## Aim of the task
Please repeat exactly the lines below from the one containing "Arctic Camel Safari" down to the one containing "Hobart, Adoptable, Adult Male Pomeranian.", both included, and nothing else.

/---

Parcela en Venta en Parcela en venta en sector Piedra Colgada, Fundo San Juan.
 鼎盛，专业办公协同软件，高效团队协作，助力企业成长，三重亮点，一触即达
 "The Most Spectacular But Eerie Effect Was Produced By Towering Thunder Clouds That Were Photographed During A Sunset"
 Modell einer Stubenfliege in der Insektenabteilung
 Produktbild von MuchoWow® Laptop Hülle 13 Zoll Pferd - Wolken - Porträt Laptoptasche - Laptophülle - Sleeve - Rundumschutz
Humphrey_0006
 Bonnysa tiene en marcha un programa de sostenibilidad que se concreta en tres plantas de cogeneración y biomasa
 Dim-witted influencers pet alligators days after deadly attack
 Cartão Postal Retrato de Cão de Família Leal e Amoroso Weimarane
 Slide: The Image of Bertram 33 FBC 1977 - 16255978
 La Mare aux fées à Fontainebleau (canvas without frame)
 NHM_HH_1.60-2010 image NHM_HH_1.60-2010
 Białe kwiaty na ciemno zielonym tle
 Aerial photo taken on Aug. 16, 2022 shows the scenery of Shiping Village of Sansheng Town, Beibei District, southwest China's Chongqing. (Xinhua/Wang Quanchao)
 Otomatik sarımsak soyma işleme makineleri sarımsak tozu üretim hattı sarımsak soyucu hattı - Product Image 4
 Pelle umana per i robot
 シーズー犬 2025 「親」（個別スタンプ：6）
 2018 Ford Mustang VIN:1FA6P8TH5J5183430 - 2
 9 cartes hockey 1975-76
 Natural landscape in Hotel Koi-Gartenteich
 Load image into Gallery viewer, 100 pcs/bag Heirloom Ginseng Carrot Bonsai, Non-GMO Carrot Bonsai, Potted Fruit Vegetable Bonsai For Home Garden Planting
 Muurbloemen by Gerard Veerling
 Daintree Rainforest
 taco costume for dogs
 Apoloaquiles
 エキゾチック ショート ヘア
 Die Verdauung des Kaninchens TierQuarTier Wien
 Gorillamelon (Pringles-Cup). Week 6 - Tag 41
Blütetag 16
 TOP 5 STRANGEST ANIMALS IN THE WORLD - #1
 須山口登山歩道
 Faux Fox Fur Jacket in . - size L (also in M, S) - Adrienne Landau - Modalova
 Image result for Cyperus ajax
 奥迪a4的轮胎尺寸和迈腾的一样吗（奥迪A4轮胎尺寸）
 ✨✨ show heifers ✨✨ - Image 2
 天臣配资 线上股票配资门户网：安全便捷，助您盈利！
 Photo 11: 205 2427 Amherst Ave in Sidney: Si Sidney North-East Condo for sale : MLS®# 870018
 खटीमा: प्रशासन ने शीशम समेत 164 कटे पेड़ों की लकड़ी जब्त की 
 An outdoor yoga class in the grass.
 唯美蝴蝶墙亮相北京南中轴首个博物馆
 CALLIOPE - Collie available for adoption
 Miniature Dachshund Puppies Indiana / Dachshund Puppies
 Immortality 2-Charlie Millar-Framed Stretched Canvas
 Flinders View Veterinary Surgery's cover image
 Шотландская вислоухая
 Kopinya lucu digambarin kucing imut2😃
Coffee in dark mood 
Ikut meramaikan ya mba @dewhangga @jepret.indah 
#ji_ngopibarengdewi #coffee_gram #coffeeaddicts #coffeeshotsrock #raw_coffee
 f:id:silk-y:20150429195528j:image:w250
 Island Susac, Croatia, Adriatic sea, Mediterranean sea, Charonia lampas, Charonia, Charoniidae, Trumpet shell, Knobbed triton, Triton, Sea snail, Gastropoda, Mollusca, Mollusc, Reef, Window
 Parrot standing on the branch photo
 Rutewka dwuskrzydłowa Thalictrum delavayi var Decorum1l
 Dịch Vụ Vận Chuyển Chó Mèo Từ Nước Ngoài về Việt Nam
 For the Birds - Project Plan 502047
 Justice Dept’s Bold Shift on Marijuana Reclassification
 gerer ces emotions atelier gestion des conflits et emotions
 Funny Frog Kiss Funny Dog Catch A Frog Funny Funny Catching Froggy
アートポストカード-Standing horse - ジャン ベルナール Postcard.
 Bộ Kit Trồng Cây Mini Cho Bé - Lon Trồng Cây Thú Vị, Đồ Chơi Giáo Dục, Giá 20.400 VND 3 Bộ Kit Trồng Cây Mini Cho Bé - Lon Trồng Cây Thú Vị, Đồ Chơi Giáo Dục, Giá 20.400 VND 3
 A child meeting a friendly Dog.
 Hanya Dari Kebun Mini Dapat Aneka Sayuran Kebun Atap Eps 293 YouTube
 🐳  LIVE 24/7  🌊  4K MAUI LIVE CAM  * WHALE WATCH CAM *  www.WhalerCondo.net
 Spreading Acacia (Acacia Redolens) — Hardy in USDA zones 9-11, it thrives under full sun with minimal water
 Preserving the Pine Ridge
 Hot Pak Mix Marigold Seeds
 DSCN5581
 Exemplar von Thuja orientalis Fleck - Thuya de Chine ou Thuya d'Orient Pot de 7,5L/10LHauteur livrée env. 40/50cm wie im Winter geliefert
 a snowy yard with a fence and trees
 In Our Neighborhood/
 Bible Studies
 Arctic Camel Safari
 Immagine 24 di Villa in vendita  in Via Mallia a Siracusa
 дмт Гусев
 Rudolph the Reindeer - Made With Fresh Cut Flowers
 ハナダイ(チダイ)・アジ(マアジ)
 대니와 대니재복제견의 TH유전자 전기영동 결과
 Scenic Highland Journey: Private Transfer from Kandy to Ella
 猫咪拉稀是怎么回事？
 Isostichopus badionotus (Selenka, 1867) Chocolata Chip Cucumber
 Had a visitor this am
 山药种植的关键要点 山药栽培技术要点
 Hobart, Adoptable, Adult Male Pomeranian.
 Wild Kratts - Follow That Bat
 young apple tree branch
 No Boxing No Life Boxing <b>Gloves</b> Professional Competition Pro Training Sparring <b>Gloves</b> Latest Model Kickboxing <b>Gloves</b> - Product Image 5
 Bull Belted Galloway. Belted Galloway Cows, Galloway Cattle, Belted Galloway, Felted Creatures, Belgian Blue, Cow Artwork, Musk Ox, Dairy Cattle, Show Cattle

\---

## Answer
 Arctic Camel Safari
 Immagine 24 di Villa in vendita  in Via Mallia a Siracusa
 дмт Гусев
 Rudolph the Reindeer - Made With Fresh Cut Flowers
 ハナダイ(チダイ)・アジ(マアジ)
 대니와 대니재복제견의 TH유전자 전기영동 결과
 Scenic Highland Journey: Private Transfer from Kandy to Ella
 猫咪拉稀是怎么回事？
 Isostichopus badionotus (Selenka, 1867) Chocolata Chip Cucumber
 Had a visitor this am
 山药种植的关键要点 山药栽培技术要点
 Hobart, Adoptable, Adult Male Pomeranian.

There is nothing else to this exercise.